# [Extracted entries]
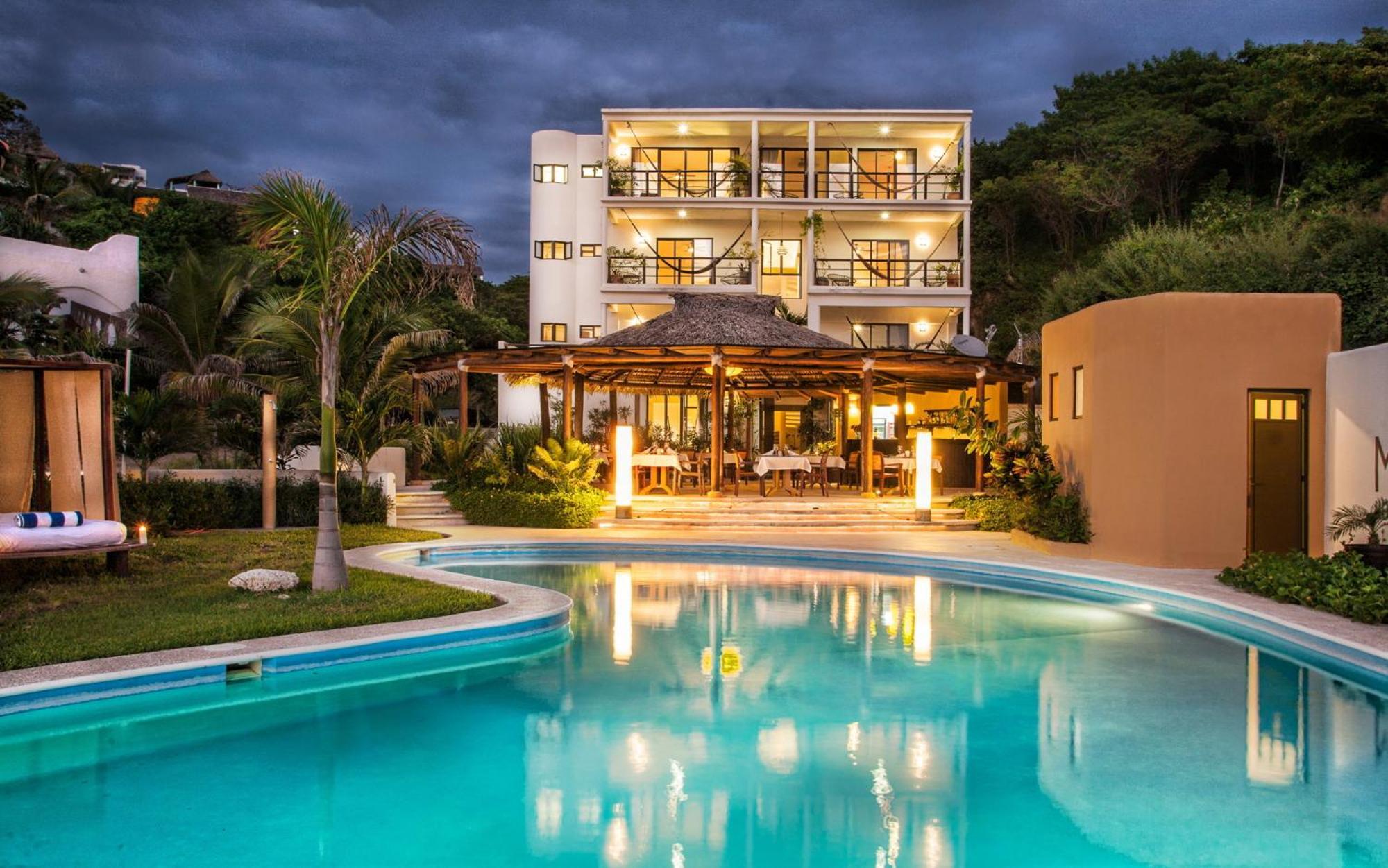 Manta Raya Hotel - Right On The Beach Cuatunalco Exteriör bild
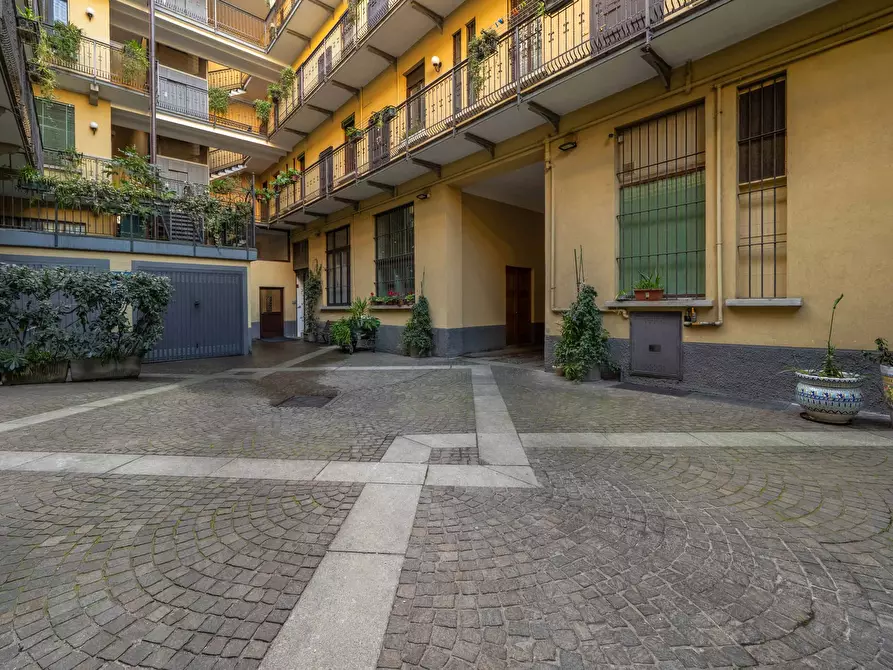 Immagine 37 di Appartamento in affitto  in Via Emilio Cornalia12 a Milano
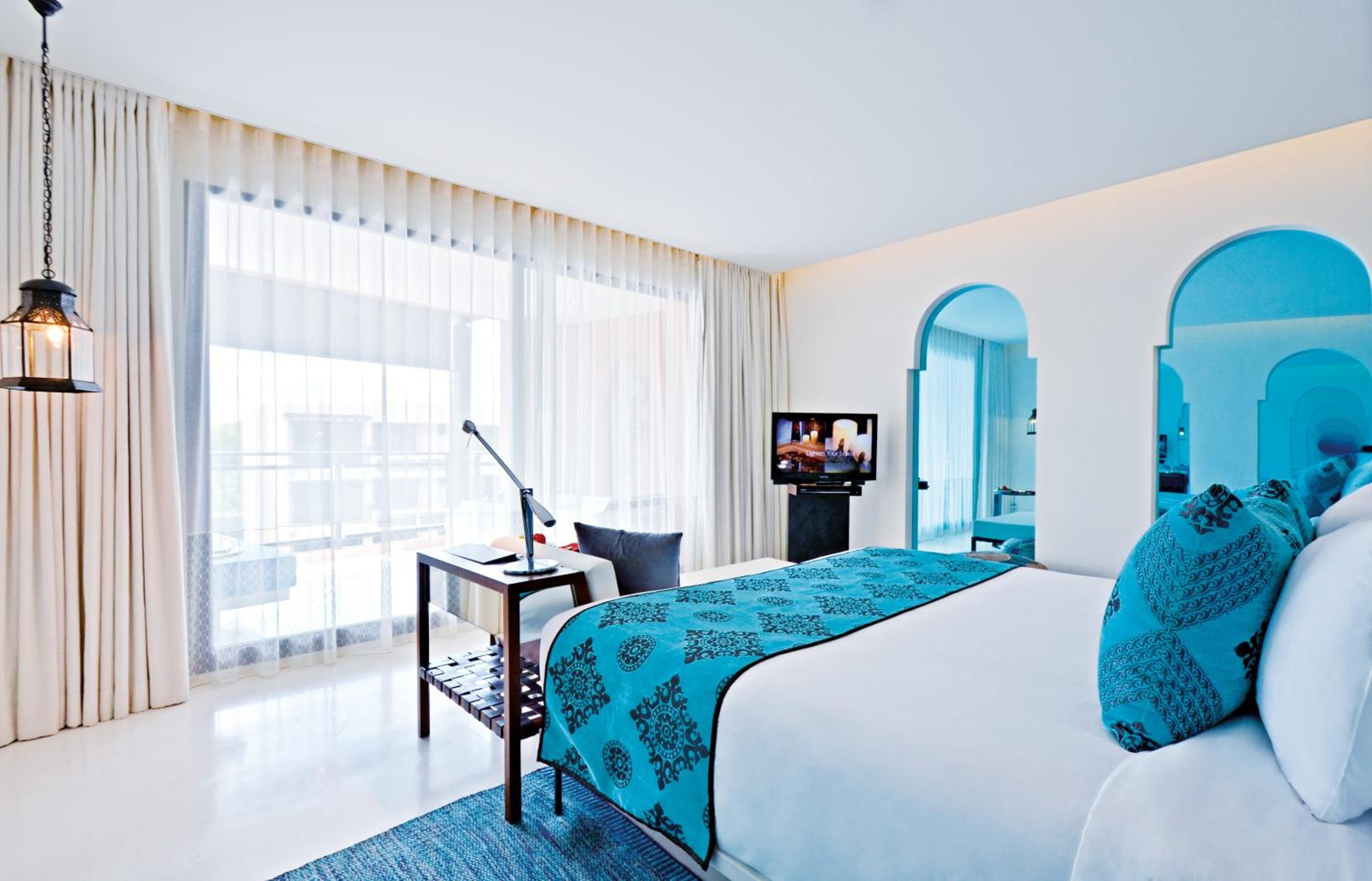 Junior Suite with Pool View
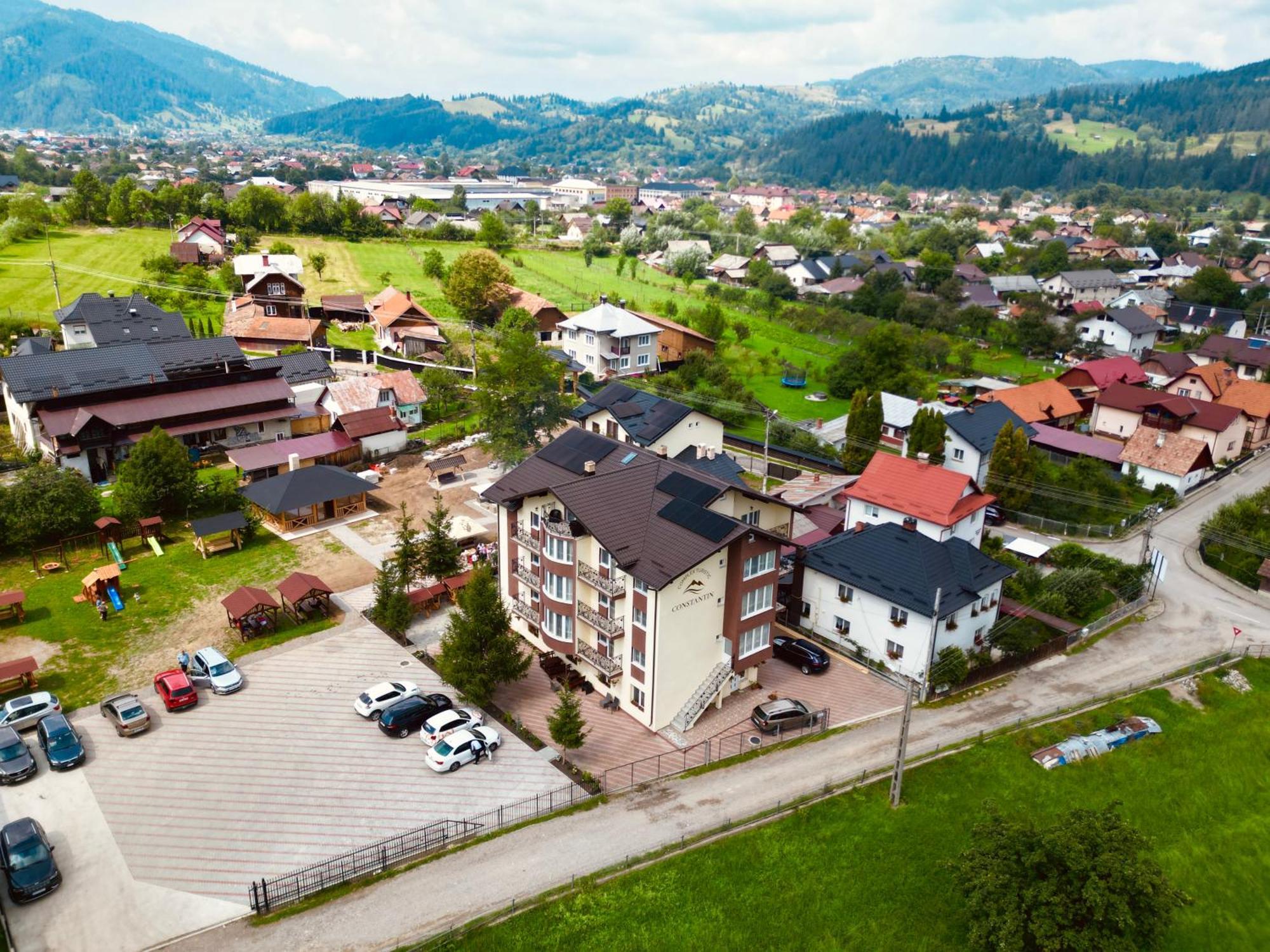 Hotel Complex Turistic Constantin Bucovina Câmpulung Moldovenesc Exterior foto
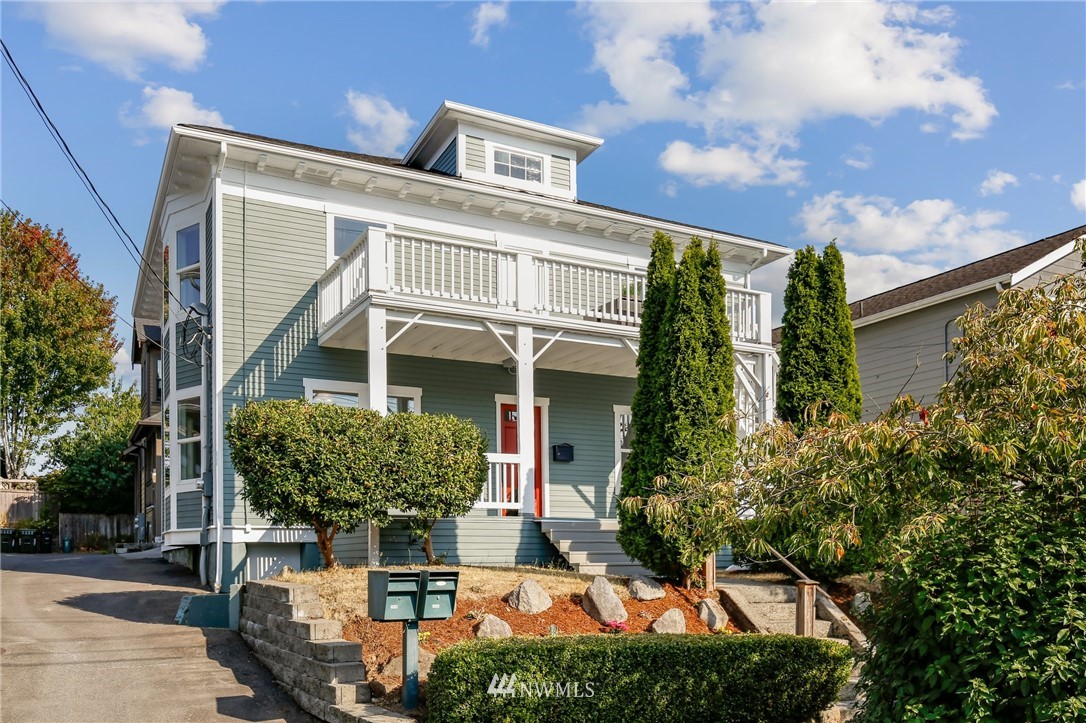 162 18th Avenue Seattle, WA 98122 - Photo 2 of 38 front view of a house with a garden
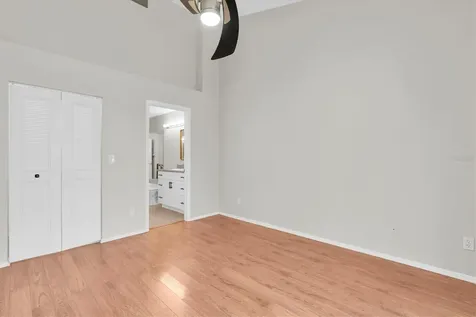 106 Sun Isle Circle Treasure Island FL 33706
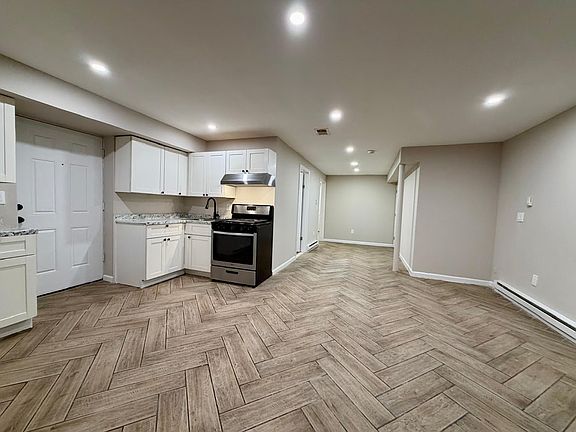 3rd image of 172 Seymour Ave Floor 1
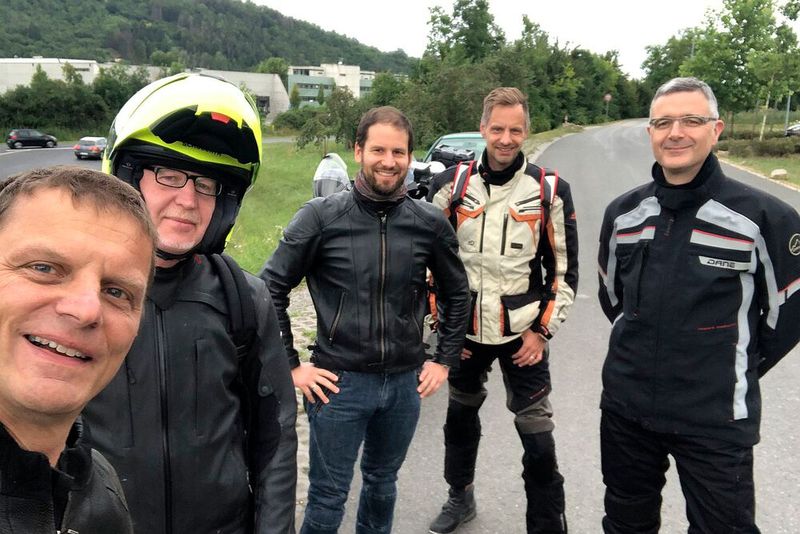 Diese freundlichen Herren werden (neben anderen) Ihre Tourguides sein: Stephan Maderner, Steffen Dominsky, Philipp Dotzler, Holger Schweitzer und Jan Rosenow (v. l. n. r.). (Bild: »bike und business«/Maderner)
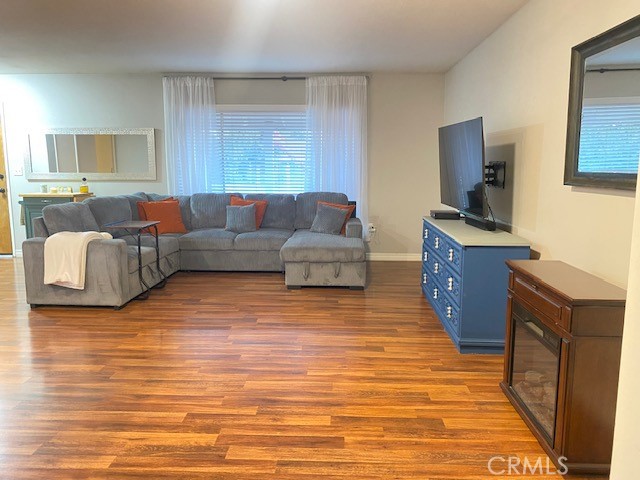 https://media.crmls.org/medias/03166086-37b2-462f-945d-99d18df56e3f.jpg?preset=X-Large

# [Task prompt]
In the listing above, find the line containing "Immagine 37 di" and the line containing "Diese freundlichen Herren", then return both of them and every line between, exactly, without pictures.

# [Output for this exercise]
 Immagine 37 di Appartamento in affitto  in Via Emilio Cornalia12 a Milano
 Junior Suite with Pool View
 Hotel Complex Turistic Constantin Bucovina Câmpulung Moldovenesc Exterior foto
 162 18th Avenue Seattle, WA 98122 - Photo 2 of 38 front view of a house with a garden
 106 Sun Isle Circle Treasure Island FL 33706
 3rd image of 172 Seymour Ave Floor 1
 Diese freundlichen Herren werden (neben anderen) Ihre Tourguides sein: Stephan Maderner, Steffen Dominsky, Philipp Dotzler, Holger Schweitzer und Jan Rosenow (v. l. n. r.). (Bild: »bike und business«/Maderner)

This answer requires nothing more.